§ Task description
All lines holding the word "Black" should be located in the records and copied.

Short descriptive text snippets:
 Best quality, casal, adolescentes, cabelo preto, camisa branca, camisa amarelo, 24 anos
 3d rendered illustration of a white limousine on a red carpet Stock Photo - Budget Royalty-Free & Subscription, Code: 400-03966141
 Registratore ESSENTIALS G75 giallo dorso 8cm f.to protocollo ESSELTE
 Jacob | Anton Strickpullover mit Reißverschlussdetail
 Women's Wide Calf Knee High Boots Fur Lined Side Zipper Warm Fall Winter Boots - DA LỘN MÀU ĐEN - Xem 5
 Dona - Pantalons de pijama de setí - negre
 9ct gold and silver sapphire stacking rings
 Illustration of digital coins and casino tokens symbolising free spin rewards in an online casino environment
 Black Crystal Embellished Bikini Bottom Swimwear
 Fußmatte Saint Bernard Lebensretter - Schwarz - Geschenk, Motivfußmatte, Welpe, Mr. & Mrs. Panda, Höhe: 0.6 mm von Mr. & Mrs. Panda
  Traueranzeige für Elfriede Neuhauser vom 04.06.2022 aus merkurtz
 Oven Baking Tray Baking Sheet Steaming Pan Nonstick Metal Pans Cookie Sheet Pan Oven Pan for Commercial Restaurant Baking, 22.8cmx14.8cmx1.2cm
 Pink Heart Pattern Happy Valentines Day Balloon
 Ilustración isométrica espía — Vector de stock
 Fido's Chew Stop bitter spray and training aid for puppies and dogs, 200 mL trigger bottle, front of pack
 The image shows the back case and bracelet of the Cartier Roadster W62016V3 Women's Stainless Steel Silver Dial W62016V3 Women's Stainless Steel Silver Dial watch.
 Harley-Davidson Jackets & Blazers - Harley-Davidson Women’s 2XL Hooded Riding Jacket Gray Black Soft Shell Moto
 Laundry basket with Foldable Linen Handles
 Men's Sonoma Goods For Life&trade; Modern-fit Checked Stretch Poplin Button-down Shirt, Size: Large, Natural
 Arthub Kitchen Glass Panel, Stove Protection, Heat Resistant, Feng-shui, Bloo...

§ Result of the exercise
 Black Crystal Embellished Bikini Bottom Swimwear
 Harley-Davidson Jackets & Blazers - Harley-Davidson Women’s 2XL Hooded Riding Jacket Gray Black Soft Shell Moto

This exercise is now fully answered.